Неуверенность и тревога были неотъемлемыми чертами мировоззрения, насаждавшегося режимом. Сталинская власть боялась иностранного окружения, недовольства крестьян, экономического саботажа, нелегальных сообществ (вплоть до сообществ коллекционеров марок и любителей эсперанто). Они боялись даже совершенно обыденных вещей, вроде шуток и анекдотов. Даже в 1930-е годы большевики не чувствовали себя в безопасности и постоянно опасались за жизнь режима [Getty 1999: 68].
Свои первые балеты Якобсон поставил в 1925 году – через год после того, как небольшая труппа Баланчина уехала в краткое турне по Западной Европе, ставшее для них в результате пожизненным изгнанием. Позже Баланчин говорил, что на создание в 1923 году «Молодого балета», труппы, для которой он поставил несколько своих экспериментальных произведений, его вдохновила работа Голейзовского. Однако власти пригрозили танцовщикам увольнением из ГАТОБа, и в результате труппа распалась.
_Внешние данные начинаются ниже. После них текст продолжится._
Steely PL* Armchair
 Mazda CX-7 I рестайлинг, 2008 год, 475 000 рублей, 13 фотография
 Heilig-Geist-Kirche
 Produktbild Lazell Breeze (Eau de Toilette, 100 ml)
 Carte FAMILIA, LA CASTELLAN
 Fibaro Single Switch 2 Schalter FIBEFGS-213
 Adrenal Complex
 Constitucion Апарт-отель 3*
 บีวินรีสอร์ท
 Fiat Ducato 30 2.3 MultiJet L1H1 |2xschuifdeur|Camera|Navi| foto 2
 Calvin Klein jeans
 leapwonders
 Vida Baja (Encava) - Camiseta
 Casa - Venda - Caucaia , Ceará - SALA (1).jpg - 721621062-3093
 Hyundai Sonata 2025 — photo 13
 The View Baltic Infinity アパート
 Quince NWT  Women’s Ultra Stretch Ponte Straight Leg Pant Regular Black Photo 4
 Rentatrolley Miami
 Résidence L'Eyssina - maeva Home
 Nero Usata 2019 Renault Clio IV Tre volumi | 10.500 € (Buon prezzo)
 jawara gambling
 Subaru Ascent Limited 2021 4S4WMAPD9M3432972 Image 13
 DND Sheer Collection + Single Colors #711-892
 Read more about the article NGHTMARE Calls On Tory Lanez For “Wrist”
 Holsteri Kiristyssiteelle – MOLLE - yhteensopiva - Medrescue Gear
Следующим летом Баланчин снова собрал танцовщиков, артистов. На этот раз ему разрешили выехать из Советского Союза в рамках короткого турне по Западной Европе вместе с Тамарой Жевержеевой (Джевой), Александром Даниловым и Николаем Ефимовым. Никто из них так никогда и не вернулся. Четвертая участница труппы, Лидия Иванова, которая должна была выехать вместе с ними, погибла в результате загадочного несчастного случая во время катания на лодке, незадолго до того, как артисты получили визы [Kendall 2013: 229]. В течение следующих 60 лет Баланчин, как правило, ставил бессюжетные спектакли: превращал русский имперский балет в великую неоклассику модернизма. Якобсону же, который представил свою первую работу (вальс для студентов академии) в 1925 году, ровно через год после отъезда Баланчина, пришлось всю жизнь творить в условиях различных произвольных ограничений, которые ставила ему советская власть. В то время как Баланчин черпал вдохновение из музыки, оттачивал классическую технику и танец на пуантах, Якобсон считал классическую технику понятием философским и растяжимым, а вдохновение черпал не столько из музыки, сколько из литературы. Творческие пути обоих хореографов начинались очень похожим образом, но позже их эстетики разошлись. Поначалу они активно переписывались. В 1923 году Баланчин создал два произведения: «Этюд» и «Энигму». В «Энигме», которую он поставил в форме па-де-де и танцевал вместе с Джевой, присутствовали драматические экспериментальные поддержки и каскады прыжков балерины с партнером, подобные тем, которые Якобсон использовал четыре года спустя в своих «Физкультурном марше» и «Физкультурном этюде». Историк Джульетт Беллоу иронично называла эти нестандартные технические формы в работах Баланчина 1923 года «постыдным искажением danse decole» – видимо, этот радикальный разрыв с классическим идеалом сильно огорчил некоторых зрителей [Bellow 2007: 239]. Якобсон в погоне за собственными «искажениями» тоже, словно вступая в запретную связь, попал на неизведанную территорию новых поддержек и парных движений. Акробатизм, который был таким обширным полем экспериментов для обоих хореографов в 1920-х годах, постепенно из постреволюционной эстетики переходит в работы Якобсона последующих десятилетий.